For security reasons, do not use the example values in this guide.

Access key ID

Your access key ID, also known as the nonce, is a short alphanumeric string passed to your origin in the X-Akamai-G2O-Auth-Data header. This value is used by your origin to identify which secret was used to generate the X-Akamai-G2O-Auth-Sign header sent by Akamai, so it can use the same secret to verify that header. Your access key ID can be:

• Made up of alphanumeric characters (a-z, A-Z, 0-9)
• No more than 8 characters in length
• A random string or a word

For example: Consider the access key ID 1b4ead where 1b4 and ead are the first and last three bytes of your secret key, respectively. This example ties your access key ID to your secret key, so you can easily identify it later on as the secret key used to generate the signed string.

Header verification

For your origin to verify that the request came from your configuration using your secret key, you need to replicate Akamai’s process used to create the X-Akamai-G2O-Auth-Sign header.
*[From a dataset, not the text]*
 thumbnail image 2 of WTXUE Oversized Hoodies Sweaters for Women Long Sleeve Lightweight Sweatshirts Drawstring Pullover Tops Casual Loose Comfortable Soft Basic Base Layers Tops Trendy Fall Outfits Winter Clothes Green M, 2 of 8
The origin must use the key identifier passed in the X-Akamai-G2O-Auth-Data header to determine which secret key was used to create the X-Akamai-G2O-Auth-Sign header, and the request URL needs to be concatenated with the X-Akamai-G2O-Auth-Data header value. Then create an SHA256-HMAC encryption from that string using the secret key. Base64-encode the result, and compare it with the X-Akamai-G2O-Auth-Sign header value.

Multiple instances of Origin Characteristics

You can define the Origin Characteristics behavior for different use cases within a single property to simplify the configuration process. Apart from applying the Origin Characteristics behavior to all requests in the Default Rule, you can also include it in another rule and apply different match criteria to have separate requests use different origin characteristics optimizations.

For example, you can configure a single property to connect to separate origins that use different authentication methods.